Tetrachloro- and Tetrabromostibonium(V) Cations: Raman and 19F, 121Sb, and 123Sb NMR Spectroscopic Characterization and X-ray Crystal Structures of SbCl4+Sb(OTeF5)6- and SbBr4+Sb(OTeF5)6-

Abstract

The stable salts, SbCl₄⁺Sb(OTeF₅)₆^- and SbBr₄⁺Sb(OTeF₅)₆^-, have been prepared by oxidation of Sb(OTeF₅)₃ with Cl₂ and Br₂, respectively. The SbBr₄⁺ cation is reported for the first time and is only the second example of a tetrahalostibonium(V) cation. The SbCl₄⁺ cation had been previously characterized as the Sb₂F₁₁^-, Sb₂Cl₂F₉^-, and Sb₂Cl_0.5F_10.5^- salts. Both Sb(OTeF₅)₆^- salts have been characterized in the solid state by low-temperature Raman spectroscopy and X-ray crystallography. Owing to the weakly coordinating nature of the Sb(OTeF₅)₆^- anion, both salts are readily soluble in SO₂ClF and have been characterized in solution by ¹²¹Sb, ¹²³Sb, and ¹⁹F NMR spectroscopy. The tetrahedral environments around the Sb atoms of the cations result in low electric field gradients at the quadrupolar ¹²¹Sb and ¹²³Sb nuclei and correspondingly long relaxation times, allowing the first solution NMR characterization of a tetrahalocation of the heavy pnicogens.
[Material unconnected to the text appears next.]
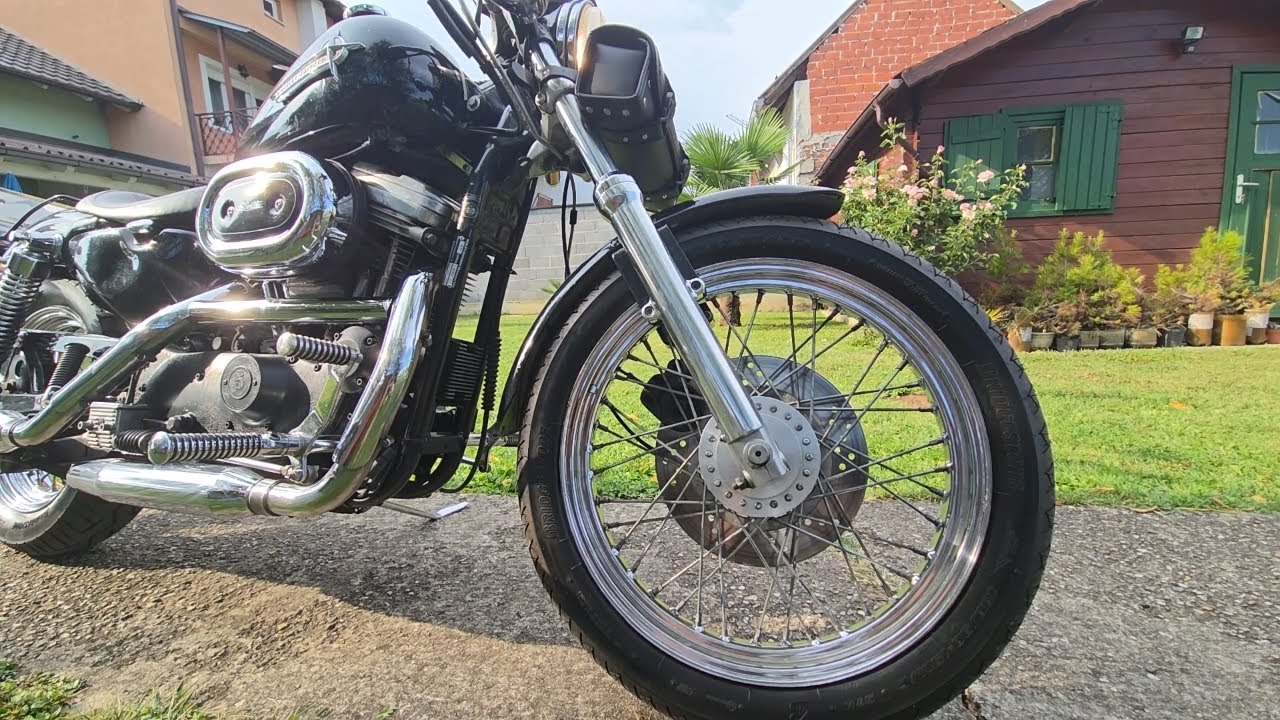 Harley Davidson 883 Evo - Start Up, Sound, Vibrations & Walkaraound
The following crystal structures are reported: SbCl₄⁺Sb(OTeF₅)₆^-, trigonal system, space group P3̄, a = 10.022(1) Å, c = 18.995(4) Å, V = 1652.3(6) ų, D_calc = 3.652 g cm^-3, Z = 2, R₁ = 0.0461; SbBr₄⁺Sb(OTeF₅)₆^-, trigonal system, space group P3̄, a = 10.206(1) Å, c = 19.297(3) Å, V = 1740.9(5) ų, D_calc = 3.806 g cm^-3, Z = 2, R₁ = 0.0425. The crystal structures of both Sb(OTeF₅)₆^- salts are similar and reveal considerably weaker interactions between anion and cation than in previously known SbCl₄⁺ salts. Both cations are undistorted tetrahedra with bond lengths of 2.221(3) Å for SbCl₄⁺ and 2.385(2) Å for SbBr₄⁺. The Raman spectra are consistent with undistorted SbX₄⁺ tetrahedra and have been assigned under T_d point symmetry. Trends within groups 15 and 17 are noted among the general valence force constants of the PI₄⁺, AsF₄⁺, AsBr₄⁺, AsI₄⁺, SbCl₄⁺ and SbBr₄⁺ cations, which have been calculated for the first time, and the previously determined force constants for NF₄⁺, NCl₄⁺, PF₄⁺, PCl₄⁺, PBr₄⁺, and AsCl₄⁺, which have been recalculated for the P and As cations in the present study. The SbCl₄⁺ salt is stable in SO₂ClF solution, whereas the SbBr₄⁺ salt decomposes slowly in SO₂ClF at room temperature and rapidly in the presence of Br^- ion and in CH₃CN solution at low temperatures. The major products of the decompositions are SbBr₂⁺Sb(OTeF₅)₆^-, as an adduct with CH₃CN in CH₃CN solvent, and Br₂.